# Imagemixer 3 for Panasonic freezes XP



## Redbill (Nov 8, 2007)

I have been trying to use the ImageMixer 3 software that came with my Panasonic camera with no success. I can import the files and edit but when I go to save them either to file or a disk the programme just freezes. On an 85mb file this always happens when the progress bar reaches around 14%. I have tried the sofware on 2 machines, one with XP Pro the other with XP home, both have the same result.
Can anyone help with this. It is very frustrating when WMM will not read the MPEG2 files so now these files will remain on my PC and Laptop until I can find a way to save them!


----------



## lilsiskirb (Jan 5, 2008)

i am having the same problem >=[ it is very frustrating. please let me know if you find help on this.


----------



## hodad (Feb 13, 2008)

Just saw this post. I had a similar problem. Imagemixer3 would freeze with one particular MPEG and work with some others.
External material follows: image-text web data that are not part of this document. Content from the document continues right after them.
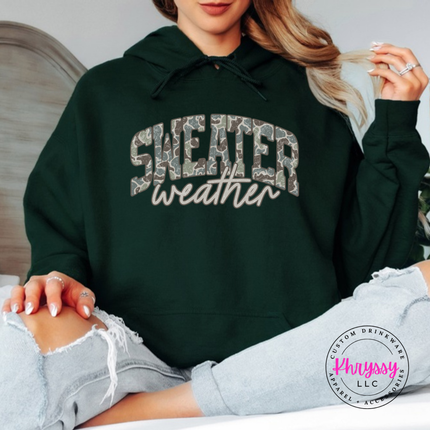 Flat lay of the Sweater Weather Christmas hoodie in Forest.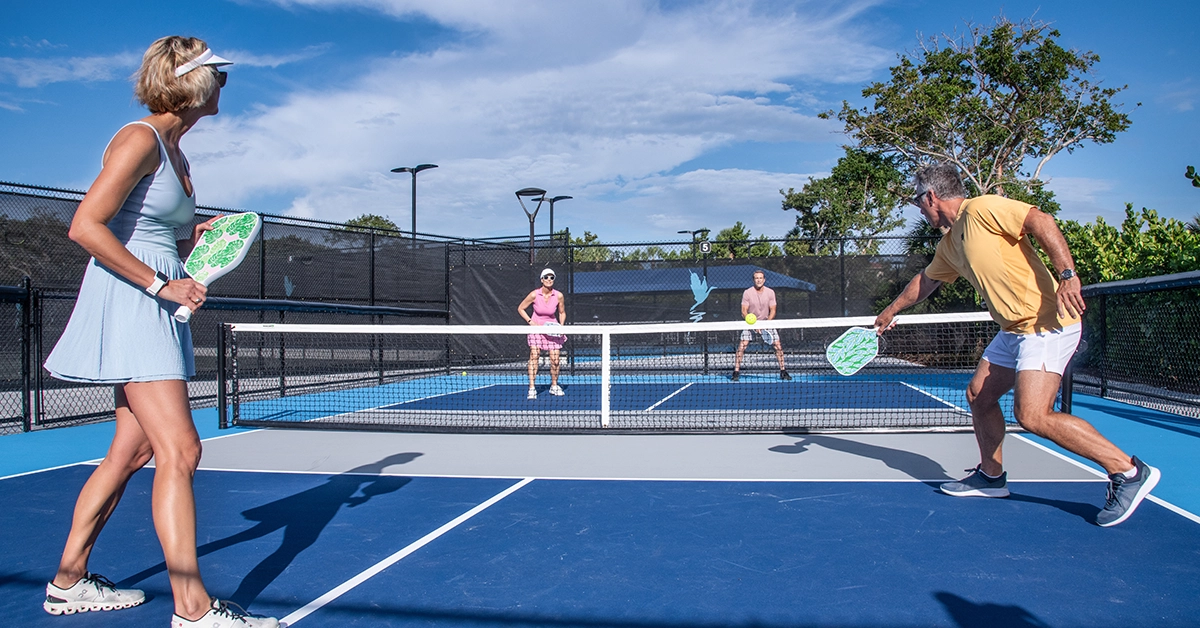 Residents playing pickleball on an outdoor court at Hideaway Beach Club on Marco Island.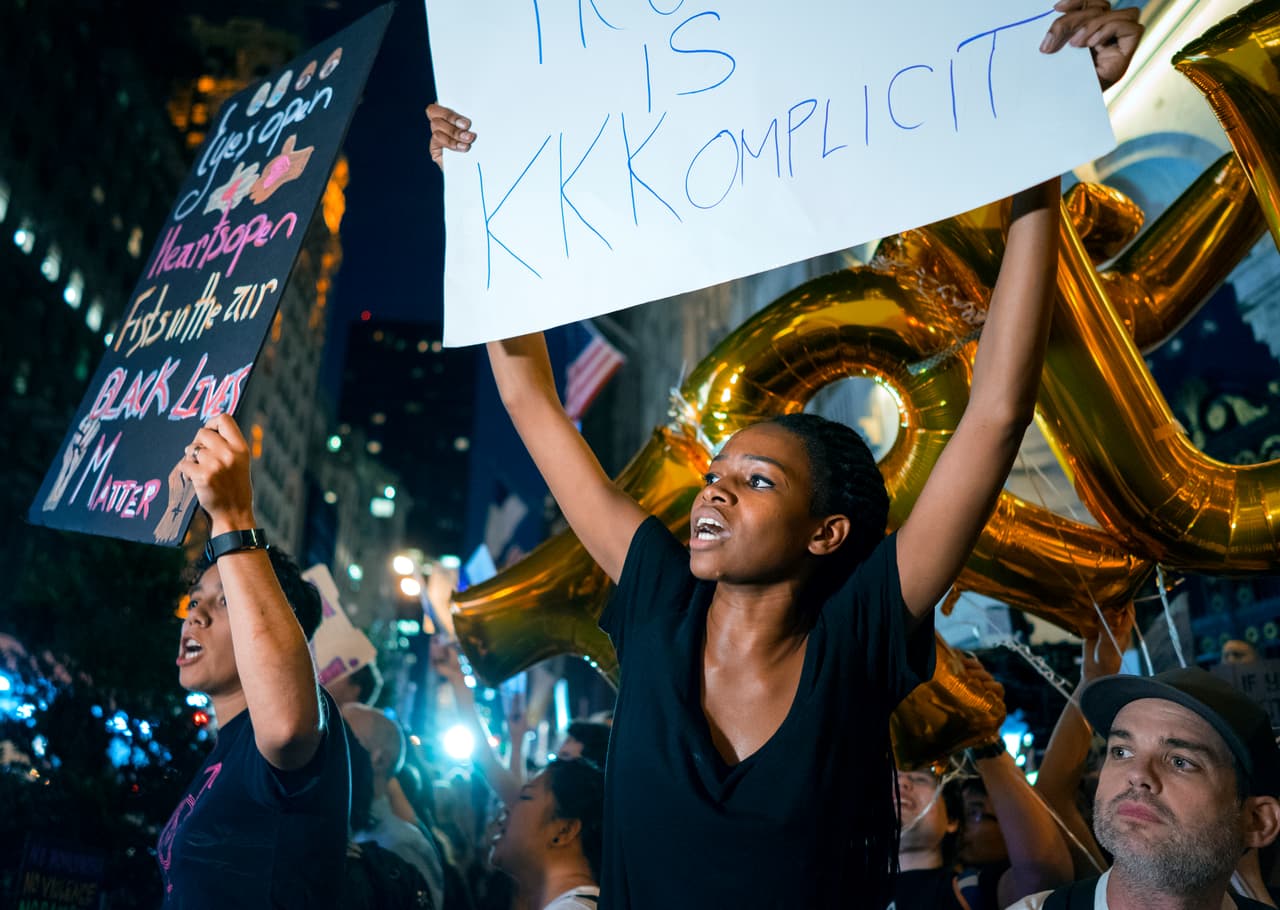 Trump tuvo un duro recibimiento en su ciudad en medio de las protestas en contra del racismo y los supremacistas. Las manifestaciones fueron en parte alentadas por
<b><a href="http://www.univision.com/noticias/incidentes-de-odio/con-dos-dias-de-retraso-y-tras-fuertes-criticas-trump-condena-el-racismo-a-los-supremacistas-y-al-kkk-por-la-violencia-en-charlottesville">su reacción inicial el sábado al ataque de un supremacista blanco</a></b> que mató con su auto a una mujer y dejó a otras 35 personas heridas. Ese día, el mandatario solo condenó "la violencia que se da desde muchos lados" sin mencionar específicamente a los supremacistas blancos. (Craig Ruttle/AP)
I found the culprit to be Nero 7 (Nero Express essentials). I unistalled imagemixer3, then uninstalled Nero 7. I then re-installed imagemixer3 and tested with the same mpeg that froze the program before and it now
works. I have had no further problems with it. I also later found that Nero 6 seems to
work fine with it, but NOT Nero 7.


----------



## hodad (Feb 13, 2008)

Oh, one other thing I have discovered (for whatever it may be worth): If an mpeg is stored in a folder that has the "&" symbol as part of its name, Imagemixer3 won't preview it when opened in the editor. And if you attempt to save it from editor as an edited mpeg, Imagemixer will crash. Very strange...


----------